I have a complex design question with limma. We have 12 patients and we have several RNA seq data from each patient. PAtients have different sexes and race. From each patient we collected samples from different parts of the diseased and health tissues. So the idea is to see the heterogeneity of the disease. Therefore, each diseased sample from each patient supposed to be different with no replicates. So the phenotype looks like this
Sample.ID (Unique) | Patient (1:12) | Tissue_Type (Diseased or Healthy) |Gender | Race | Label (did manually details below)
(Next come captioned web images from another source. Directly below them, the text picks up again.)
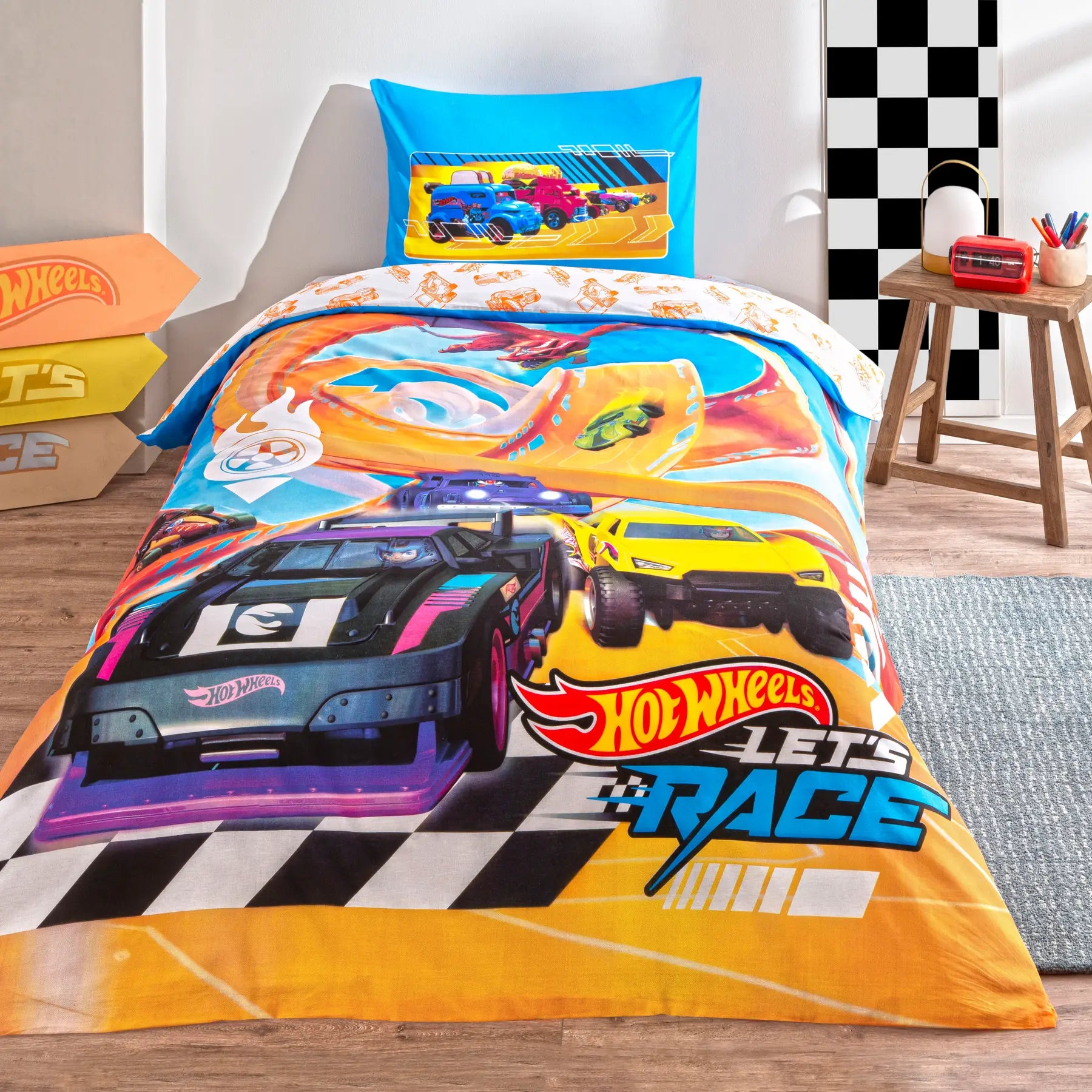 Постільна білизна TAC Disney 160x220 см Hot Wheels Let's Race
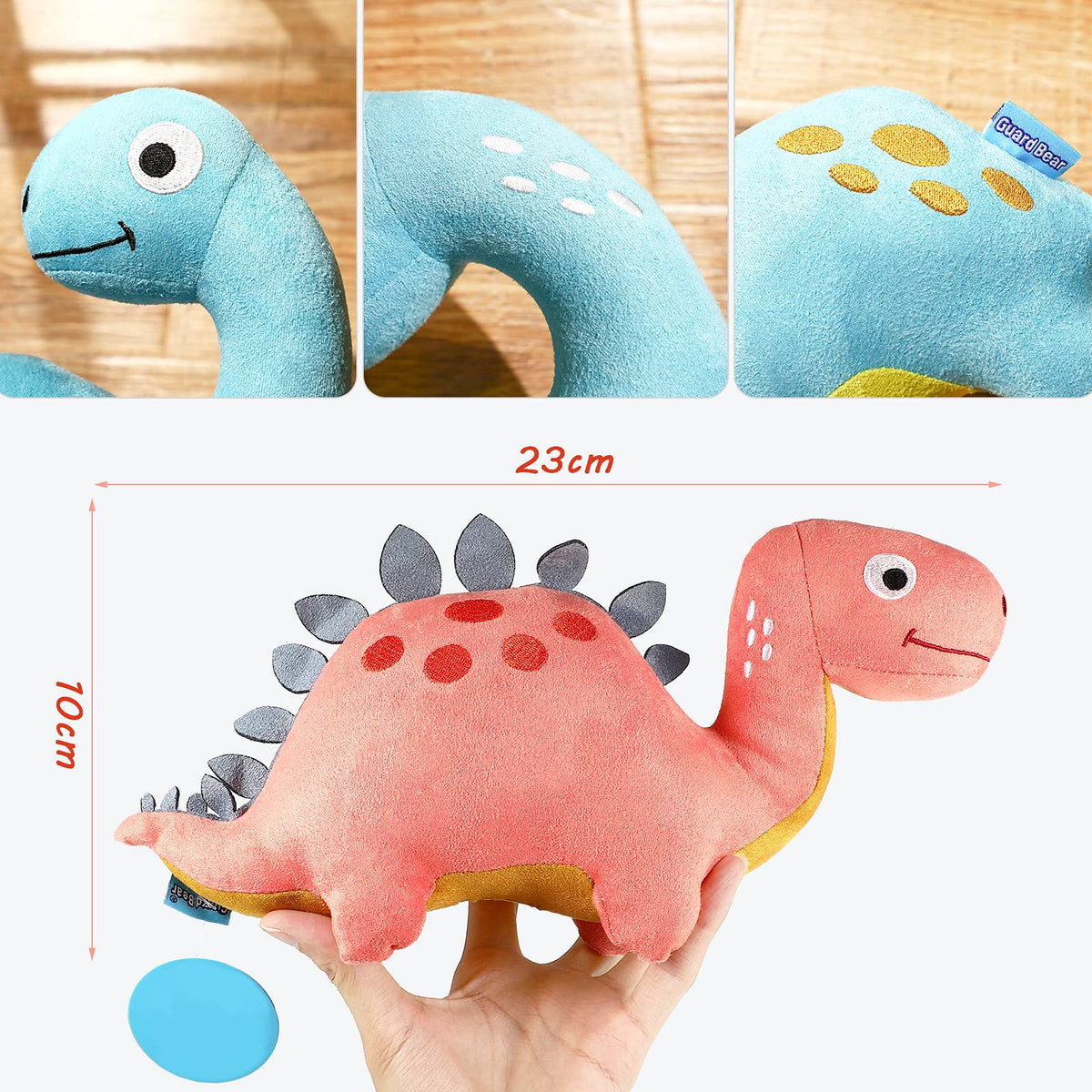 Aoriher 9-inch blue dinosaur plush adds portable cuddle comfort.
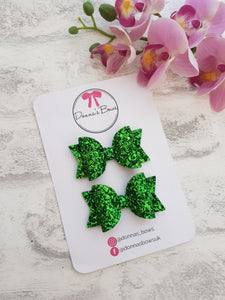 Green Glitter Bows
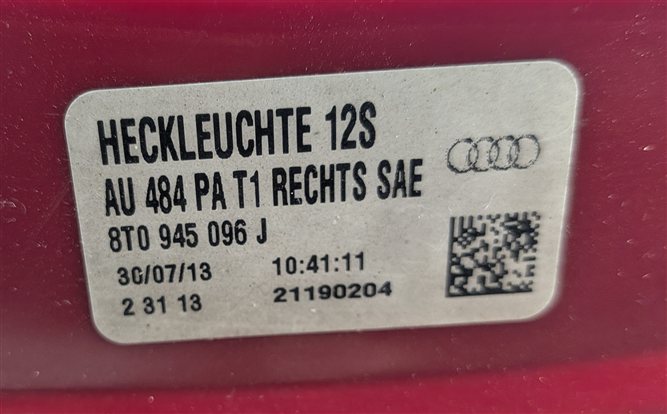 Thumbnail 8: 13-17 AUDI A5 S5 RS5 (B8 8T) REAR RIGHT OUTER TAILLIGHT BRAKE LIGHT LAMP (LED)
The idea is to compare each individual diseased tissue to its control. But also which individual diseased samples from different patients are similar. Anothher problem we have is that some patients we do not have a healthy tissue. To overcome that I treated all the healthy tissues from different patients as biological replicates and given them the same label H. As for the diseased I labeled them seperetaly, i.e. some examples 1_D_1 (First diseased sample from patient 1) 1_D_2 (Second diseased sample from patient 2), 2_D_1 ( Second diseased sample from patient 2) etc. I want to get DE Genes associated with contrasts (1_D_2-H) or in some cases (1_D_1-2_D_1).
I am using duplicate correlation of limma/voom with blocking on patients and as for design formula I am using (~0+Label). However, this is very complex to me and I am not sure whether I should add the effects of Gender and Race and use formula (~0+Label+Gender+Race) or are the effects of gender and race incorporated with the duplicate correlation? Any help is appreciated.